Mataram, Disway.id- Koalisi Stop Kekerasan Seksual (KSKS) NTB mengecam keras tuntutan dan putusan ringan terhadap para terdakwa kasus kekerasan seksual di sebuah pondok pesantren di Sekotong, Lombok Barat.
Mereka menilai langkah Kejaksaan Negeri (Kejari) Mataram maupun Majelis Hakim Pengadilan Negeri (PN) Mataram sebagai bentuk kemunduran dalam penegakan hukum, sekaligus mencederai upaya perlindungan anak di NTB.
“Seharusnya para terdakwa dijatuhi hukuman seberat-beratnya. Tidak hanya lebih lama, tapi juga bisa sampai hukuman kebiri kimia agar memberi efek jera," ujar anggota Tim Koalisi SKS. Yan Mangandar Putra, Rabu (17/9).

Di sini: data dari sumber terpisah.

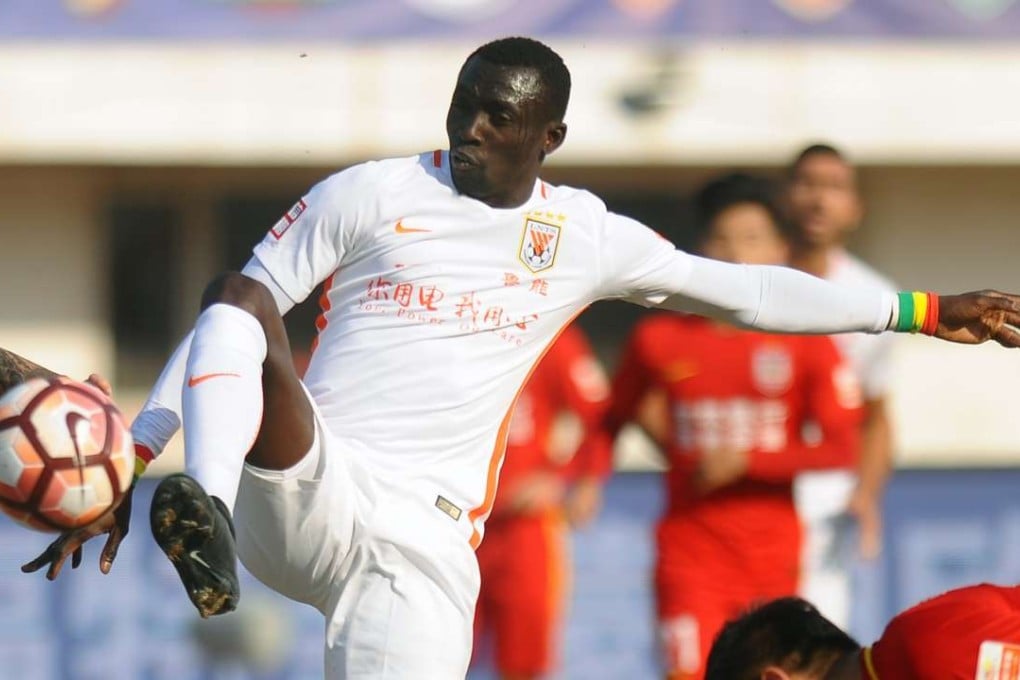 Papiss Cisse in action for Shandong Luneng against Changchun Yatai. Photo: Xinhua
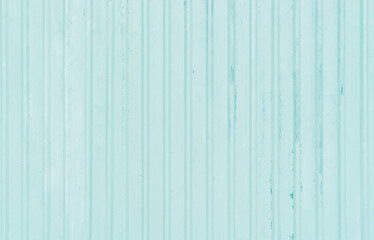 Obraz premium Light green background from paint on a smooth steel background.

Yan juga menegaskan bahwa putusan enam tahun sangat jauh dari rasa keadilan, apalagi kasus ini terjadi di lingkungan pendidikan pondok pesantrean yang sedang belajar ilmu agama.
Koalisi juga menilai bahwa putusan tersebut tidak sejalan dengan UU Perlindungan Anak hasil perubahan kedua (UU No. 17 Tahun 2016). Yang mana jelas mengatur ancaman pidana minimal 10 tahun dan maksimal 20 tahun bagi pelaku, khususnya pendidik dan tokoh agama.
Serta, kata dia, UU juga memperbolehkan penerapan hukuman tambahan berupa kebiri kimia, pemasangan alat pendeteksi elektronik, hingga pengumuman identitas pelaku ke publik.
Sebagai perbandingan, Koalisi menyinggung kasus serupa di Praya, Lombok Tengah, di mana seorang pendiri ponpes divonis 15 tahun penjara oleh PN Praya pada 31 Juli 2025. Padahal kasus tersebut juga diwarnai pencabutan keterangan saksi di persidangan. Perbedaan mencolok ini, menurut mereka, memperlihatkan ketidakjelasan arah penegakan hukum di NTB.
Tak hanya itu, Koalisi juga menyoroti dugaan pelanggaran etik dalam persidangan. Seperti, anak korban dan saksi anak dihadapkan langsung dengan terdakwa di ruang sidang. Koalisi menilai hal itu sebagai indikasi lemahnya perspektif perlindungan anak di tubuh aparat peradilan.
"Sebuah praktik yang bertentangan dengan prinsip perlindungan korban anak," kata dia.
Atas dasar itu, Koalisi berencana melaporkan Kejari Mataram ke Kejaksaan Agung RI dan Komisi Kejaksaan RI. Mereka juga akan mengadukan Majelis Hakim PN Mataram ke Mahkamah Agung RI dan Komisi Yudisial.
“Ini harus dievaluasi secara menyeluruh. Jangan sampai ada kesan bahwa predator seksual mendapat perlindungan di balik statusnya sebagai ustadz atau pemilik pesantren,” tegas Yan Mangandar.
Untuk diketahui, kasus ini menyeret tiga terdakwa yaitu Ust. Wahyu Mubarok alias Gus Wahyu dituntut delapan tahun penjara. Kemudian Ust. Haji Marwan alias Abah Marwan, PN Mataram menjatuhkan putusan lebih ringan kepada Marwan, yakni enam tahun penjara. Tuntutan terhadap terdakwa ketiga yaitu pemilik pondok pesantren, dijadwalkan dibacakan pada 17 September 2025.